YOUR INSTRUCTIONS: Print the data exactly. Pictures stay out.

Source records
---

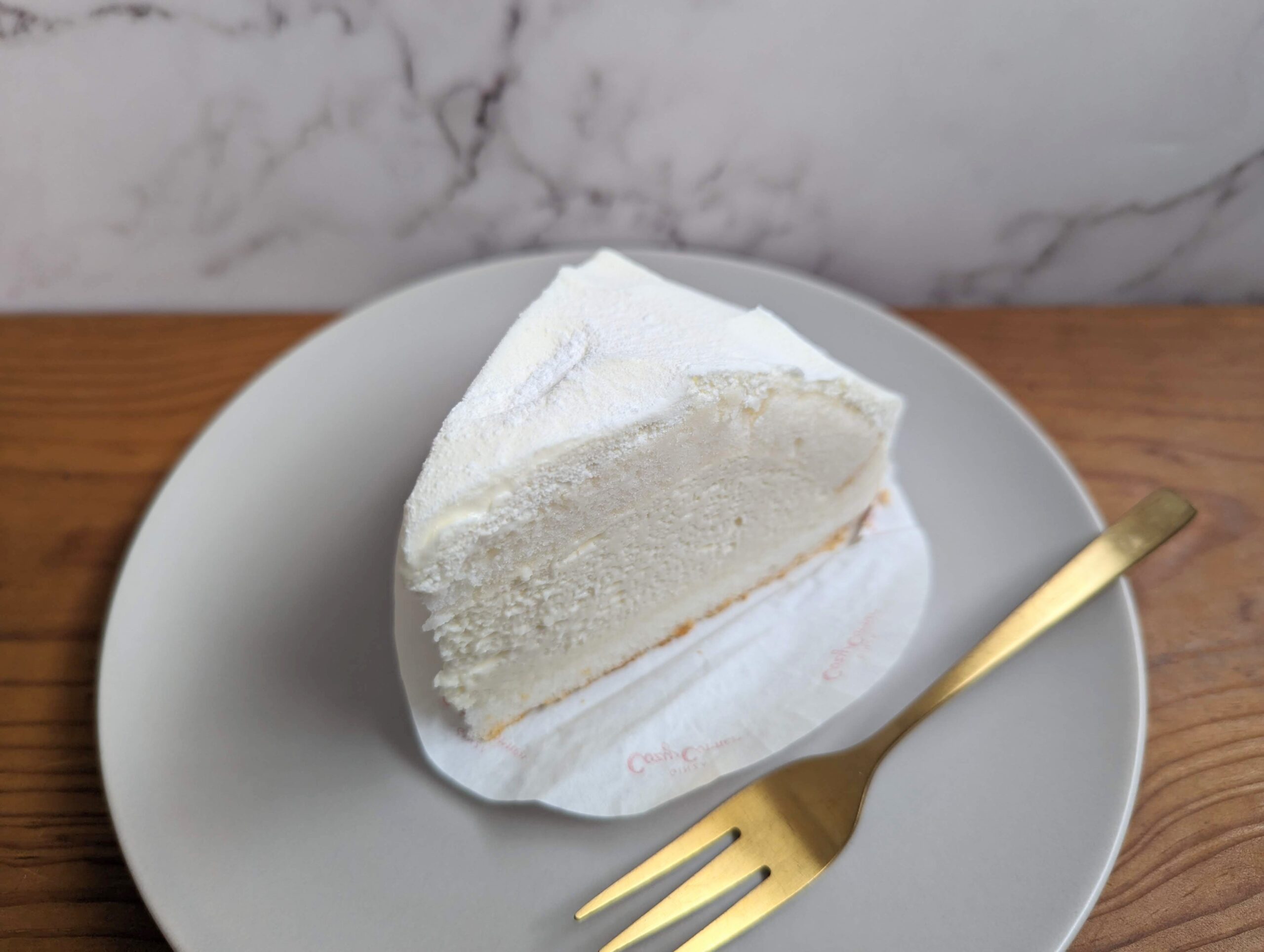銀座コージーコーナーの「北海道産5種のチーズを使ったこだわりレアチーズ」の写真 (3)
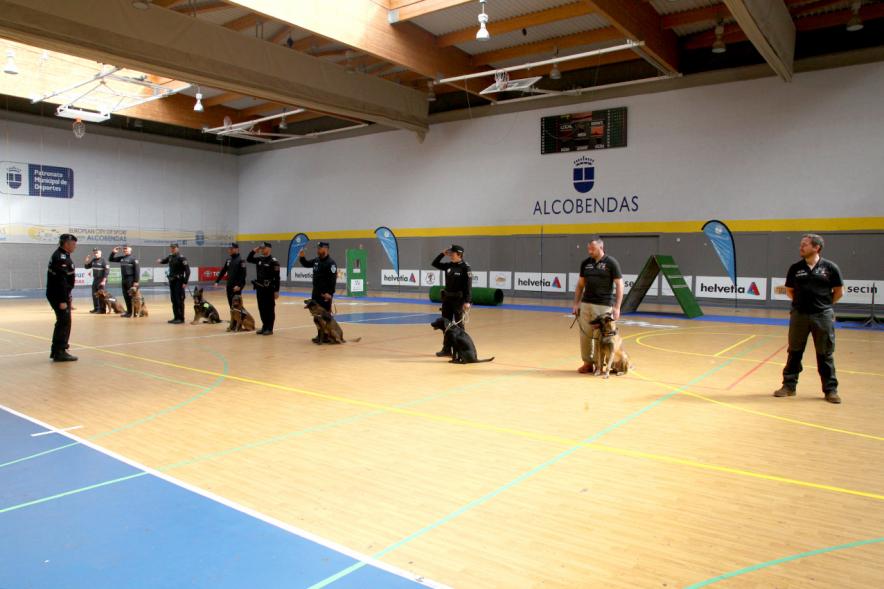 Iª Exhibición de la Unidad Canina de la Policía Local - Imagen de los policías y sus perros en un momento de la exhibición.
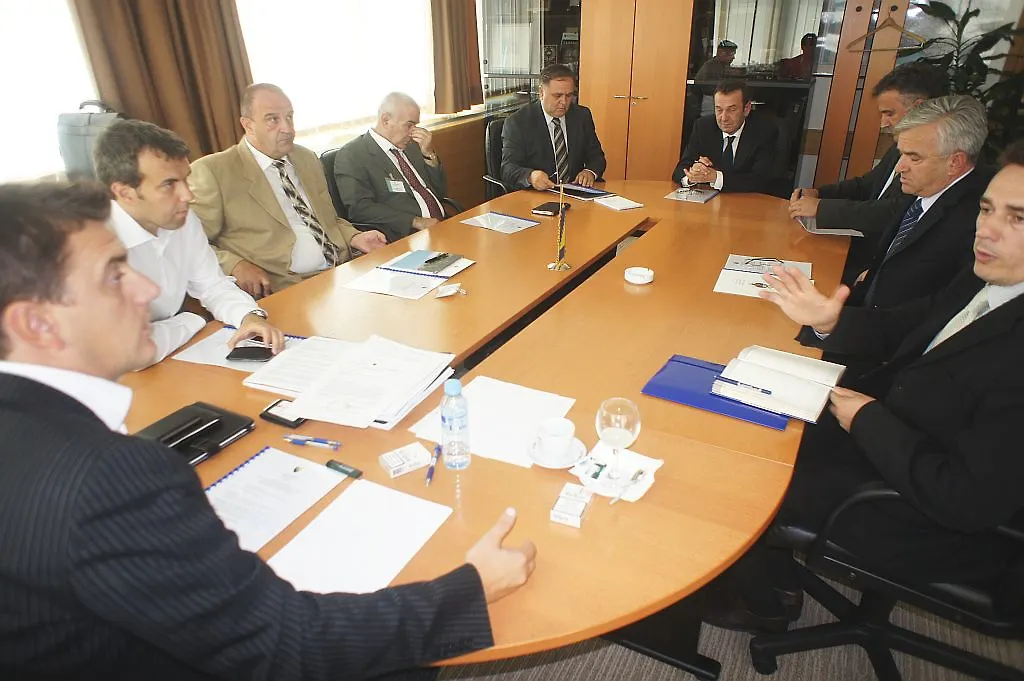 Minister Hadžić with Entity Ministers on Corridor V c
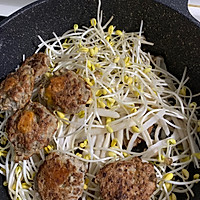 秋天滋补肉饼汤的做法图解3
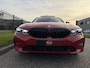 BMW 3-Serie Touring 330e High Exe 87DKM/PANO/LASER/TREKHAAK/HEAD-UP/H&K/ACC/360CAMERA/LEER-SPORT/18"/SHADOW-LINE/SOH 91,5%/MELBOURNE-RED METALLIC/NET OH BEURT GEHAD BIJ BMW DEALER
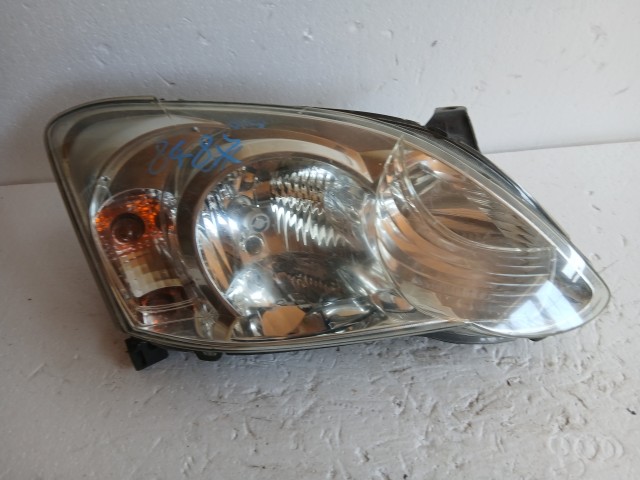 8487 Toyota Corolla E 120 2004-2007 Jobb első Lámpa Fényszóró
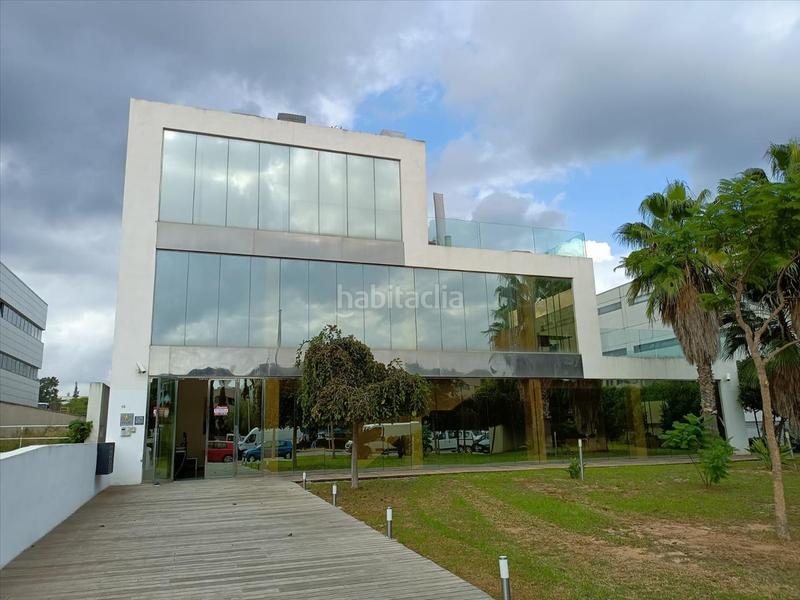 Foto 5e25d486-c563-41e2-85df-93426f5395a1. Ufficio in Parc Tecnològic Paterna
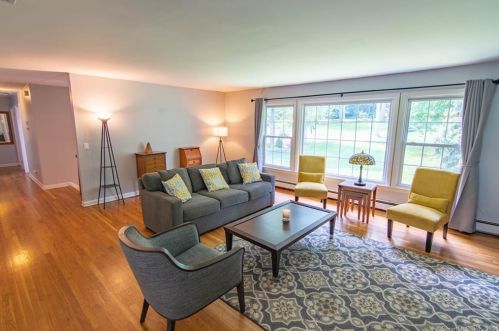 113 Dogwood Ln, Stamford CT  06903-4532 exterior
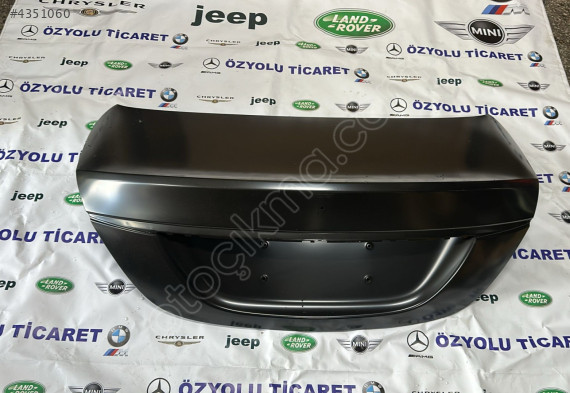 Mercedes W205 C Serisi Arka Bagaj Kapağı 2014-2021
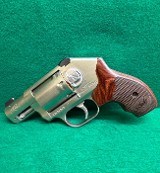 KIMBER K6S STAINLESS .357 MAG - 2 of 3
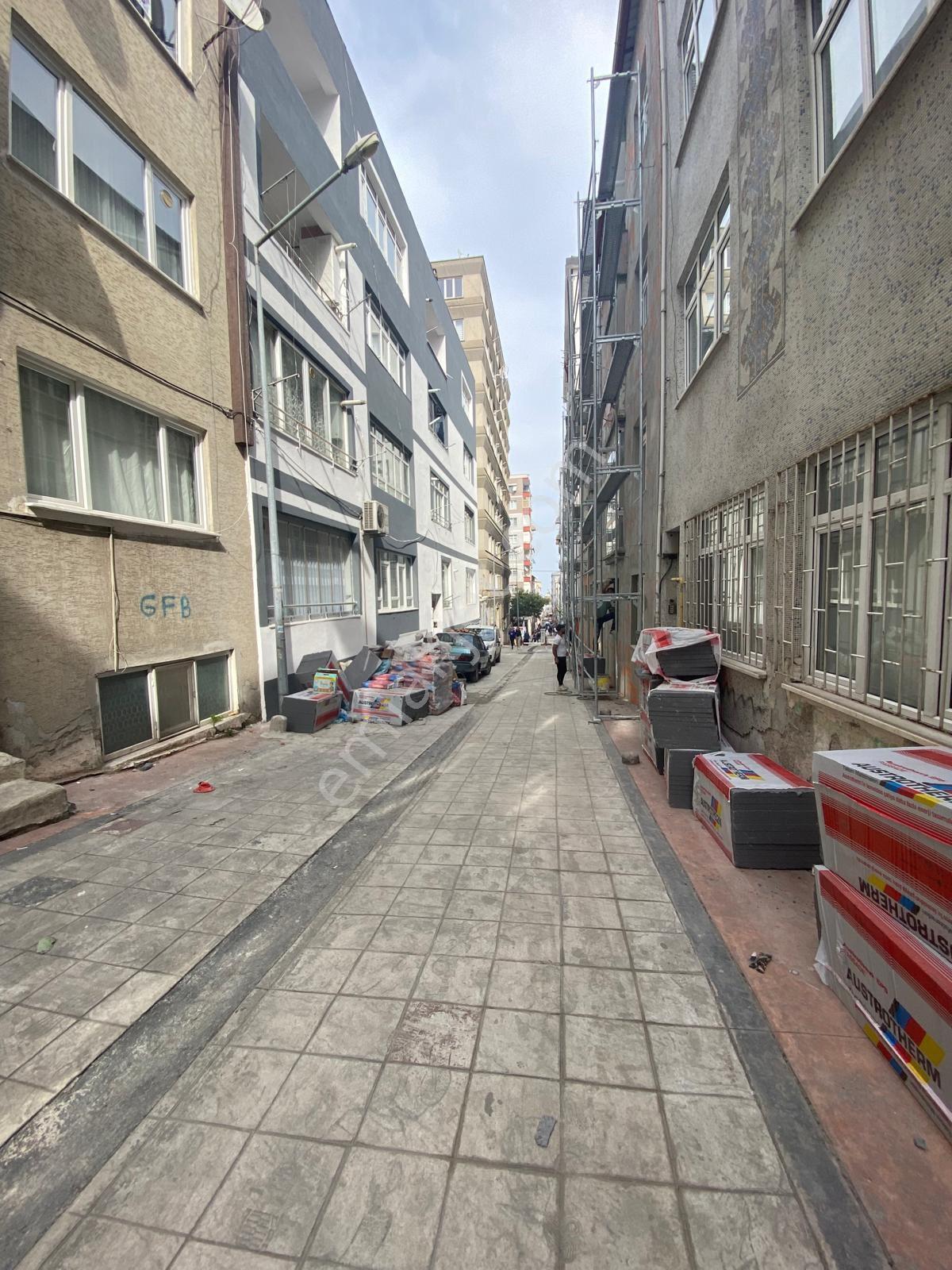 Ulugazi Mahallesinde İci Temiz Satılık Dublex Daire - Görsel 25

---

SOLUTION:
銀座コージーコーナーの「北海道産5種のチーズを使ったこだわりレアチーズ」の写真 (3)
 Iª Exhibición de la Unidad Canina de la Policía Local - Imagen de los policías y sus perros en un momento de la exhibición.
 Minister Hadžić with Entity Ministers on Corridor V c
 秋天滋补肉饼汤的做法图解3
 BMW 3-Serie Touring 330e High Exe 87DKM/PANO/LASER/TREKHAAK/HEAD-UP/H&K/ACC/360CAMERA/LEER-SPORT/18"/SHADOW-LINE/SOH 91,5%/MELBOURNE-RED METALLIC/NET OH BEURT GEHAD BIJ BMW DEALER
 8487 Toyota Corolla E 120 2004-2007 Jobb első Lámpa Fényszóró
 Foto 5e25d486-c563-41e2-85df-93426f5395a1. Ufficio in Parc Tecnològic Paterna
 113 Dogwood Ln, Stamford CT  06903-4532 exterior
 Mercedes W205 C Serisi Arka Bagaj Kapağı 2014-2021
 KIMBER K6S STAINLESS .357 MAG - 2 of 3
 Ulugazi Mahallesinde İci Temiz Satılık Dublex Daire - Görsel 25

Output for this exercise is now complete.